WHAT THE TASK REQUIRES:
Since the listing below shows pictures, leave them out and write out exactly the lines from the line with "New Jersey Finance" to the line with "used 2021 Subaru", both included, and no others.

SOURCE DATA:
- - -
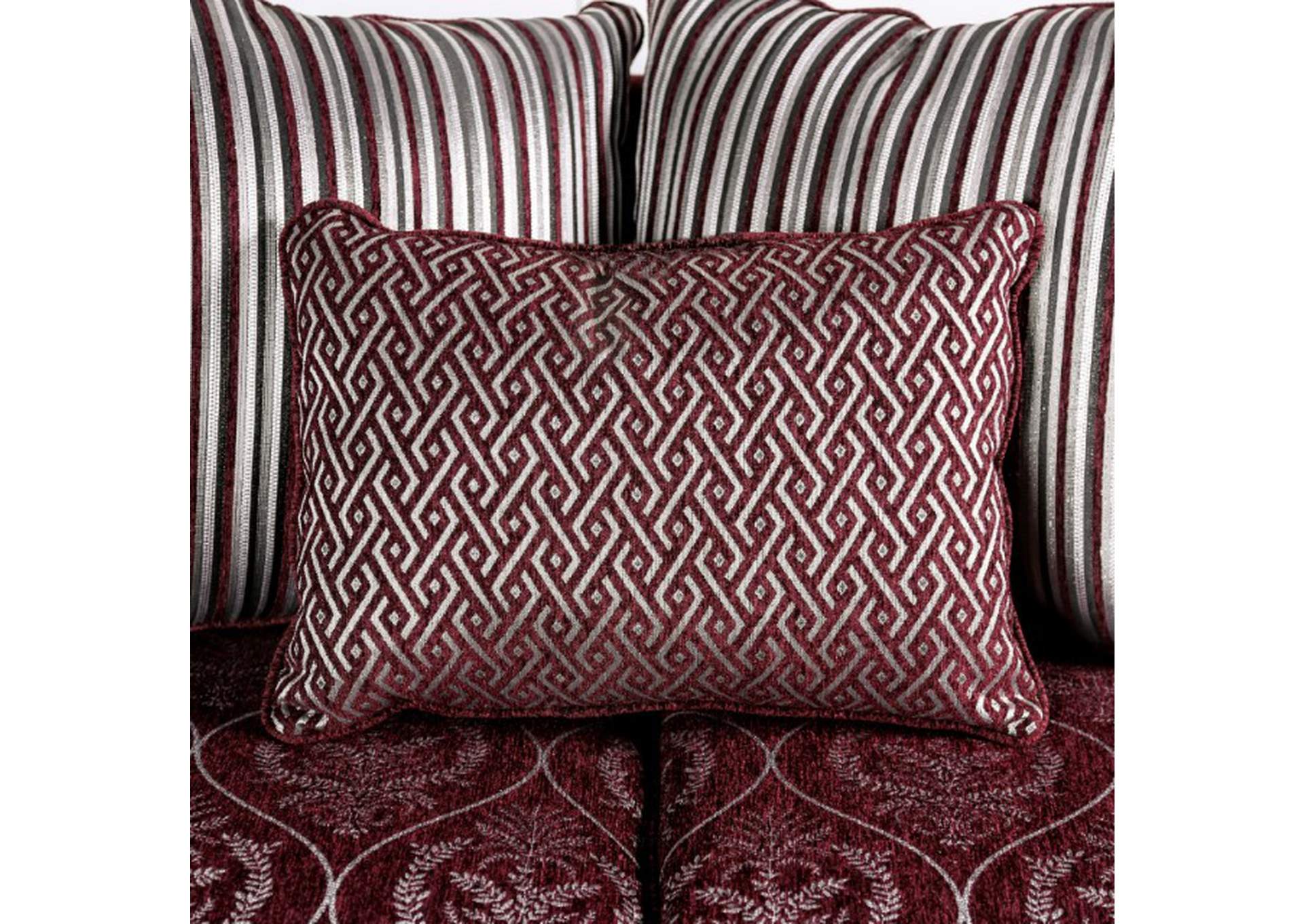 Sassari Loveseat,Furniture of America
- - -
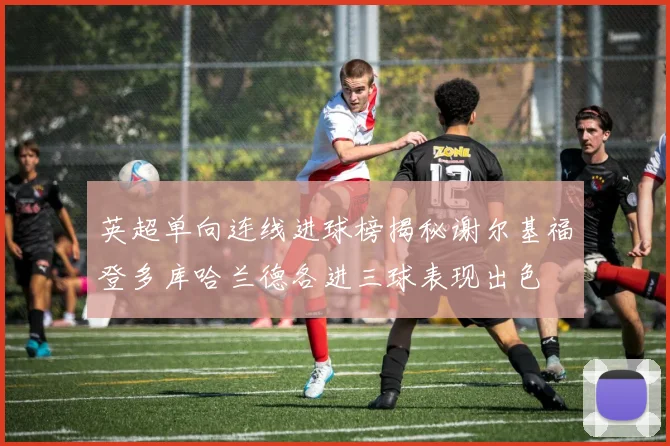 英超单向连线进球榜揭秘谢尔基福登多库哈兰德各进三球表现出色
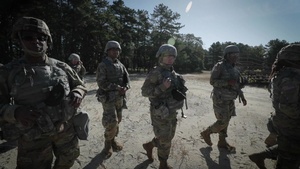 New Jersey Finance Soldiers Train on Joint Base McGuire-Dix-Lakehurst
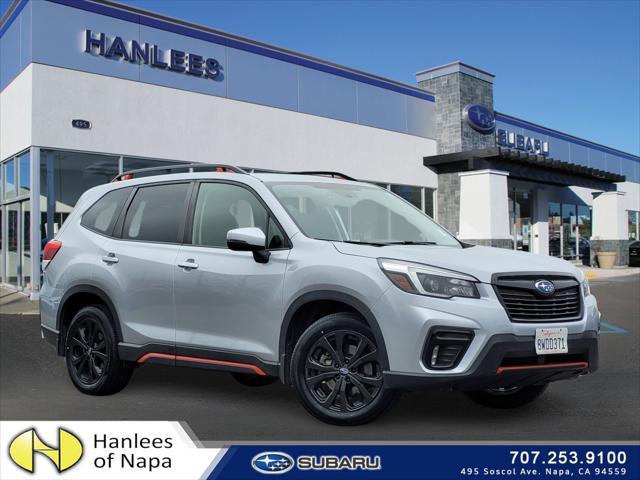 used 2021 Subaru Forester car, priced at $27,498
- - -
RESPONSE FOR THIS EXERCISE:
 New Jersey Finance Soldiers Train on Joint Base McGuire-Dix-Lakehurst
 used 2021 Subaru Forester car, priced at $27,498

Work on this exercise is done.